▶ _Task item_:
Below are entries. Copy exactly the lines running from the line that holds "92P - 继母与继姐" to the line that holds "一汽丰田AvALoN价格", with both ends included.

▶ _Records shown_:
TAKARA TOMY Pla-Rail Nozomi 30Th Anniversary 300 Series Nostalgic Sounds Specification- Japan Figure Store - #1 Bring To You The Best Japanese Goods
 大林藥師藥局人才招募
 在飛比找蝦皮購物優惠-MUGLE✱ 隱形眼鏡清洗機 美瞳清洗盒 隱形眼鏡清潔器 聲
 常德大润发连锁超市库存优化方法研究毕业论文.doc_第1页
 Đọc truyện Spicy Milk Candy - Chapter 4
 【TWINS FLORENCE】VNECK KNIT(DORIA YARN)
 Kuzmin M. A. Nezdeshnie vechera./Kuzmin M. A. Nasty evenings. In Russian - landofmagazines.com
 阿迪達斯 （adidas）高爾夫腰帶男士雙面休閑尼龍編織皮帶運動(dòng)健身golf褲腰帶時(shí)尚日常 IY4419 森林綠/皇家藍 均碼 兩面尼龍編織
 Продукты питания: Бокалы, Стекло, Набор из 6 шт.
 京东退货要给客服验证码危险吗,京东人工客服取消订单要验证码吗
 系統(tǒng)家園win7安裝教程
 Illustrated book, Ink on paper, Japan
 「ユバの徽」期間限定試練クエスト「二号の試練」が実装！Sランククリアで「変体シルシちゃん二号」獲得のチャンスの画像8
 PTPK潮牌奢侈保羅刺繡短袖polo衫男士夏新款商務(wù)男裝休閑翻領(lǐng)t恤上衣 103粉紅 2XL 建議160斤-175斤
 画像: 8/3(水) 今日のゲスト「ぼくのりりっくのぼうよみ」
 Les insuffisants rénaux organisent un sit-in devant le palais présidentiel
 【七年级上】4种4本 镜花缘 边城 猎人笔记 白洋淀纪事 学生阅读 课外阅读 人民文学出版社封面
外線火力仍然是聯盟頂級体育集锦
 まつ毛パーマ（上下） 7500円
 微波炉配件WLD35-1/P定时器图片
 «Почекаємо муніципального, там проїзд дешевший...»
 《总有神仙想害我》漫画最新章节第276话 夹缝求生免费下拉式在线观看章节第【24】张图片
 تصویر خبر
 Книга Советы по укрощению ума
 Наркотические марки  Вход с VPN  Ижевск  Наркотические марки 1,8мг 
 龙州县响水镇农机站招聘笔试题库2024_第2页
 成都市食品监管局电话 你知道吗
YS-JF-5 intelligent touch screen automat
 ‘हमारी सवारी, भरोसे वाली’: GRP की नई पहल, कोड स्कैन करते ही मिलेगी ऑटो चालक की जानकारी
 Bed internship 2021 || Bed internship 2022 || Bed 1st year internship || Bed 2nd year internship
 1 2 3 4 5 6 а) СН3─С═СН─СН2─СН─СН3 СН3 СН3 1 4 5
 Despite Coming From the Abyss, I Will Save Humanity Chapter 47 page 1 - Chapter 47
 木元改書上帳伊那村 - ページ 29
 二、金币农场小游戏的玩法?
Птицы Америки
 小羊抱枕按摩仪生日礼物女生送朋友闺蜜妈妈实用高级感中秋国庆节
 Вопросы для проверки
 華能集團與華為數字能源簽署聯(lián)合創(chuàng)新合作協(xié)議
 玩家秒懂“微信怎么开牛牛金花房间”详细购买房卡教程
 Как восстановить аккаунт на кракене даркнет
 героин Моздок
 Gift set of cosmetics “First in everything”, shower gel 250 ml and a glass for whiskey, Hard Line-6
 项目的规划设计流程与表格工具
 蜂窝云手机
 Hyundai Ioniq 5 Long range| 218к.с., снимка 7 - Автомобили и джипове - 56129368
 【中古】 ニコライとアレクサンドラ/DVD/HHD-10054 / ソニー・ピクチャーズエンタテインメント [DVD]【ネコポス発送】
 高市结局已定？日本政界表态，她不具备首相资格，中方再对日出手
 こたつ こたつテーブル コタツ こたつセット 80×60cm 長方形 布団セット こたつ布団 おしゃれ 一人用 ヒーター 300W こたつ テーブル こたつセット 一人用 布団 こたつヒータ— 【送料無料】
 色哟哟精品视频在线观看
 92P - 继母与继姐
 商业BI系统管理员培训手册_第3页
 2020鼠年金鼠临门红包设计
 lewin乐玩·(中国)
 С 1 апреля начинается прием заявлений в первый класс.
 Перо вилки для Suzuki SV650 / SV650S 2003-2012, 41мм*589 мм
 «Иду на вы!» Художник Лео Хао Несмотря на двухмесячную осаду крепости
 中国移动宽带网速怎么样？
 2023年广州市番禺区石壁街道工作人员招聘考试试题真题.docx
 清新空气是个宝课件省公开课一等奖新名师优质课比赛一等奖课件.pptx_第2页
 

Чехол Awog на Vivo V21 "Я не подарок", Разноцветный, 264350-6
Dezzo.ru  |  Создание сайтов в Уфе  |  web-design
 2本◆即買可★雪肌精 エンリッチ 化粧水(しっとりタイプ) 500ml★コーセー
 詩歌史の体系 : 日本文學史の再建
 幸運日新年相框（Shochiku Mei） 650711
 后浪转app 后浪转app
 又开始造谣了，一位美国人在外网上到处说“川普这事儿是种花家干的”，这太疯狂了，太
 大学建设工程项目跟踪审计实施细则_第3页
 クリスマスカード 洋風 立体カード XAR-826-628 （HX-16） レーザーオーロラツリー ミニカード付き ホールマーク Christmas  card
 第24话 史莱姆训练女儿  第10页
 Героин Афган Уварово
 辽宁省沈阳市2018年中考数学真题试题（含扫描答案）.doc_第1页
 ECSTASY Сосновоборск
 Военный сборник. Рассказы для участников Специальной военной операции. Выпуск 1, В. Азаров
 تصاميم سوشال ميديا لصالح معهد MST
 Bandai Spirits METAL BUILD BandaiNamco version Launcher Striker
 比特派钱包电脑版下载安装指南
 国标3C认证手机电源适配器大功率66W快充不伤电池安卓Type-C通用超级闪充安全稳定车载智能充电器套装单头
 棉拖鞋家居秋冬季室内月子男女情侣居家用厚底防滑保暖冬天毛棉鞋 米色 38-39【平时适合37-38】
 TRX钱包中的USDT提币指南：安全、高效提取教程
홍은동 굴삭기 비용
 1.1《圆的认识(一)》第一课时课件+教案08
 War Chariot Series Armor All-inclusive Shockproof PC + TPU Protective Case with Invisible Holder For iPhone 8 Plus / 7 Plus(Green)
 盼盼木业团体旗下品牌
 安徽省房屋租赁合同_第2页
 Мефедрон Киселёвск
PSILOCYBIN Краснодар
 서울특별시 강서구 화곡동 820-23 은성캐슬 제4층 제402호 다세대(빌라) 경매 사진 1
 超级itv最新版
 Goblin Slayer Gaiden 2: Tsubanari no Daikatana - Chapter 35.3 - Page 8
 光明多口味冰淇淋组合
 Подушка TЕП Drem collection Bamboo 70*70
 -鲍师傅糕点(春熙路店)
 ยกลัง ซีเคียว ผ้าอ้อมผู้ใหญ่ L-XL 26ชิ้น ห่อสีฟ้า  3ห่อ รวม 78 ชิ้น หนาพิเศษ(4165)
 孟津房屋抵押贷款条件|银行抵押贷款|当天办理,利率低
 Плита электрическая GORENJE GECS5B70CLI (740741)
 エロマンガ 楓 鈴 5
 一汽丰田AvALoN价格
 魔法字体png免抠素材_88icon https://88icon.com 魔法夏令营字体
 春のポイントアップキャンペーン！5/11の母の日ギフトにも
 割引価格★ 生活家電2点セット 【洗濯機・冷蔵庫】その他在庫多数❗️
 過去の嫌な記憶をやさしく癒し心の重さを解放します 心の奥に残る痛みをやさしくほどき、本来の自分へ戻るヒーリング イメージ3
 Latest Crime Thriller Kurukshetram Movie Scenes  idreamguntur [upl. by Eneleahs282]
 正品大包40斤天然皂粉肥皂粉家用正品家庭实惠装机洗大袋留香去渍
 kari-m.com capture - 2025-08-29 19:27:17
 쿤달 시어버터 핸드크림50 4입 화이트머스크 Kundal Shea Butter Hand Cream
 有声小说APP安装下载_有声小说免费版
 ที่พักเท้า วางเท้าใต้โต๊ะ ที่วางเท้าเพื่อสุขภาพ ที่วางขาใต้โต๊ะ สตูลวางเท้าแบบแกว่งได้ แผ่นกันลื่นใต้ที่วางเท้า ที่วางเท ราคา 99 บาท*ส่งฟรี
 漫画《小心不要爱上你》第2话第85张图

▶ _Task response_:
 92P - 继母与继姐
 商业BI系统管理员培训手册_第3页
 2020鼠年金鼠临门红包设计
 lewin乐玩·(中国)
 С 1 апреля начинается прием заявлений в первый класс.
 Перо вилки для Suzuki SV650 / SV650S 2003-2012, 41мм*589 мм
 «Иду на вы!» Художник Лео Хао Несмотря на двухмесячную осаду крепости
 中国移动宽带网速怎么样？
 2023年广州市番禺区石壁街道工作人员招聘考试试题真题.docx
 清新空气是个宝课件省公开课一等奖新名师优质课比赛一等奖课件.pptx_第2页
 

Чехол Awog на Vivo V21 "Я не подарок", Разноцветный, 264350-6
Dezzo.ru  |  Создание сайтов в Уфе  |  web-design
 2本◆即買可★雪肌精 エンリッチ 化粧水(しっとりタイプ) 500ml★コーセー
 詩歌史の体系 : 日本文學史の再建
 幸運日新年相框（Shochiku Mei） 650711
 后浪转app 后浪转app
 又开始造谣了，一位美国人在外网上到处说“川普这事儿是种花家干的”，这太疯狂了，太
 大学建设工程项目跟踪审计实施细则_第3页
 クリスマスカード 洋風 立体カード XAR-826-628 （HX-16） レーザーオーロラツリー ミニカード付き ホールマーク Christmas  card
 第24话 史莱姆训练女儿  第10页
 Героин Афган Уварово
 辽宁省沈阳市2018年中考数学真题试题（含扫描答案）.doc_第1页
 ECSTASY Сосновоборск
 Военный сборник. Рассказы для участников Специальной военной операции. Выпуск 1, В. Азаров
 تصاميم سوشال ميديا لصالح معهد MST
 Bandai Spirits METAL BUILD BandaiNamco version Launcher Striker
 比特派钱包电脑版下载安装指南
 国标3C认证手机电源适配器大功率66W快充不伤电池安卓Type-C通用超级闪充安全稳定车载智能充电器套装单头
 棉拖鞋家居秋冬季室内月子男女情侣居家用厚底防滑保暖冬天毛棉鞋 米色 38-39【平时适合37-38】
 TRX钱包中的USDT提币指南：安全、高效提取教程
홍은동 굴삭기 비용
 1.1《圆的认识(一)》第一课时课件+教案08
 War Chariot Series Armor All-inclusive Shockproof PC + TPU Protective Case with Invisible Holder For iPhone 8 Plus / 7 Plus(Green)
 盼盼木业团体旗下品牌
 安徽省房屋租赁合同_第2页
 Мефедрон Киселёвск
PSILOCYBIN Краснодар
 서울특별시 강서구 화곡동 820-23 은성캐슬 제4층 제402호 다세대(빌라) 경매 사진 1
 超级itv最新版
 Goblin Slayer Gaiden 2: Tsubanari no Daikatana - Chapter 35.3 - Page 8
 光明多口味冰淇淋组合
 Подушка TЕП Drem collection Bamboo 70*70
 -鲍师傅糕点(春熙路店)
 ยกลัง ซีเคียว ผ้าอ้อมผู้ใหญ่ L-XL 26ชิ้น ห่อสีฟ้า  3ห่อ รวม 78 ชิ้น หนาพิเศษ(4165)
 孟津房屋抵押贷款条件|银行抵押贷款|当天办理,利率低
 Плита электрическая GORENJE GECS5B70CLI (740741)
 エロマンガ 楓 鈴 5
 一汽丰田AvALoN价格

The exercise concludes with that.